Mr. Carlson, keeping notes on the questions, stood before the selectmen and cited a long list of credentials, ranging from 11 years of experience to having a bachelor's and master's degree in forestry. He told the selectmen that he has overseen 125 fires, and that he has specialized experience in dealing with property similar to the Vineyard. He said he follows a strict list of guidelines in preparation for a burn. "I am one of three fire bosses in the Northeast. I am under constant scrutiny." He said one bad mistake on his part and he could lose those highly valued credentials.

He said The Nature Conservancy conducted 454 prescribed burns last year, 416 fires the year before and 436 fires the year before, without one fire escaping. "I can't guarantee you that a fire won't escape. But I don't do a burn unless it is safe. If for a moment we are uncomfortable, we can shut a fire down. Even if I believe the fire is safe and another has a question, we shut it down."

Mr. Carlson said he brings a lot of personnel and fire fighting apparatus to a burn, enough equipment to fight a fire apart from the one they are burning. He explained that prior to setting a fire, he will consult with the Edgartown fire chief on all aspects of preparation.

Mr. Carlson said that provisions of the federal Clean Air Act allow prescribed burning. He said among the factors he must consider is where the smoke will go. "I will admit I can't always be certain where the smoke will go. But I will shut it down," he said, if it becomes evident that smoke is going into a residential area.

Mr. Carlson said that in areas that have had prescribed burns, the property is far more resistent to future fires than are areas that have not been burned. Fires do lower the fuel load on the land and make it a good deal safer.

Fire chief Tony Bettencourt said that he will not grant a fire permit to The Nature Conservancy for the burning of the state forest. "I am concerned about the general public. The Nature Conservancy doesn't have it easy with me. I am tough."

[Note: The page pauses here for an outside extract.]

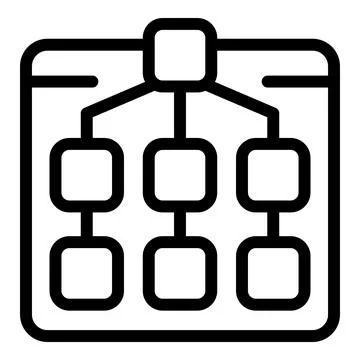 Algorithm flowchart representing data processing structure on tablet screen Stock Illustration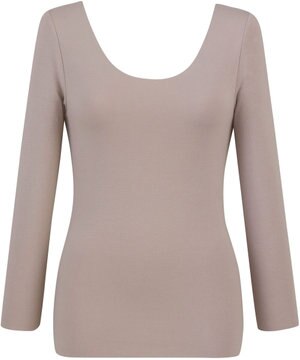  あったかインナー 綿100％(肌側) アウターにひびきにくい ムレにくい 【綿の贅沢ここちフラット】 8分袖 長袖 秋 冬 EL4871 ウイング／ワコール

Chief Bettencourt said that fire as a management tool is nothing new to the Island. He said he could recall 40 years ago when prescribed fires were used to manage the same areas on the Vineyard. "We were doing it then. It isn't new. But there are new issues now, and they are valid," Mr. Bettencourt said.

Harriet Hoar of Boldmeadow said: "I am heartened that he [the chief] would never allow a fire in the state forest. There have been a lot of controlled burns in the country. These are professionals, and their fires have gotten away from them."

John Varkonda, a superintendent for the state forest, said efforts are under way to widen fire lanes in the state forest.

After an hour of discussion between the parties on the use of fire, Mr. Smadbeck said: "I feel a lot more comfortable now. I feel a lot more comfortable having heard what the fire chief has said." Mr. Smadbeck said: "Maybe there is something we can do to lower the risk of fire at the state forest."

"I share your concerns," said Mr. Varkonda. He said the state is sending a bulldozer down to help with fire lane management.

Chief Bettencourt said the community needs more brushbreakers. "Edgartown used to have three. We don't have any now."

Selectman Fred B. Morgan said: "I am in favor of these prescribed burns by The Nature Conservancy. They do an outstanding job. I think they should continue to work with the fire chief. I think it would be a shame to allow these properties to grow out of control again."